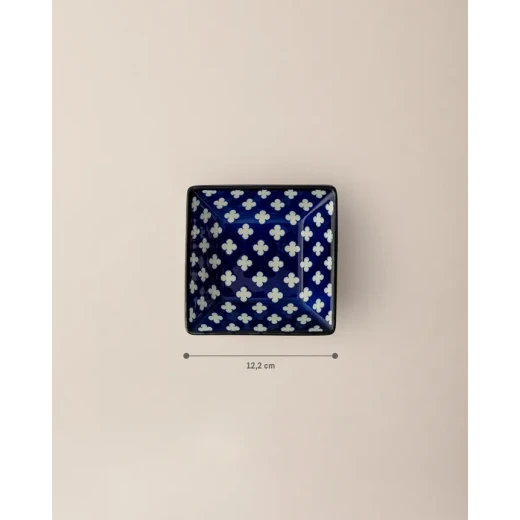 Madame COCO Reve Bleu Raye Square Porcelain Plate 12.2×3.2cm – Elegant Serving Plate for Appetizers, Desserts & Snacks, Ideal for Everyday Dining & Table Setting - Madame COCO - Image 4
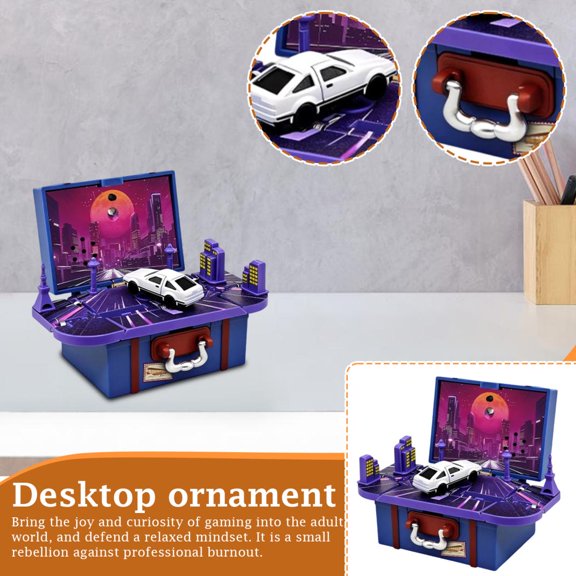 6.7X5.1Inch 3D Retro Suitcase Music Box, Nostalgic Travel-Themed Melody Decor with USB Charging Cable, Exquisite Vintage Desktop Ornament with Classic Car Design for Home, Office, Living Room Decor a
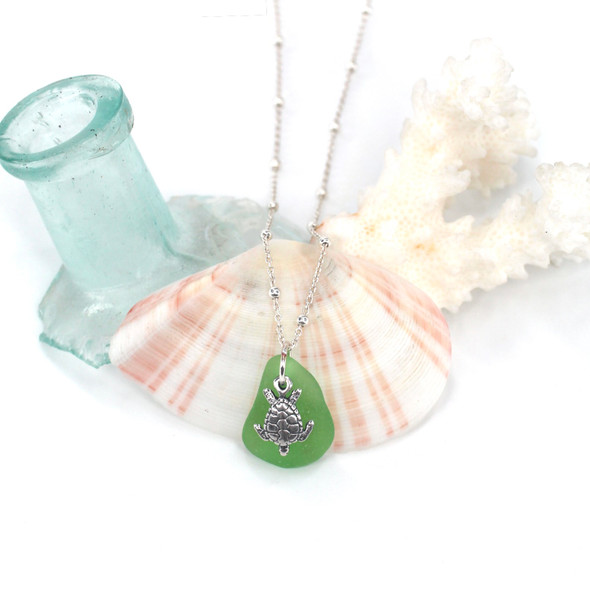 Green Sea Glass Turtle Nautical Necklace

___

- _WHAT IS REQUIRED_
Could the lines from the one with "6.7X5.1Inch 3D Retro" through the last line of the material above be written out exactly, both included, with pictures left out?

- _ANSWER SPACE_
 6.7X5.1Inch 3D Retro Suitcase Music Box, Nostalgic Travel-Themed Melody Decor with USB Charging Cable, Exquisite Vintage Desktop Ornament with Classic Car Design for Home, Office, Living Room Decor a
 Green Sea Glass Turtle Nautical Necklace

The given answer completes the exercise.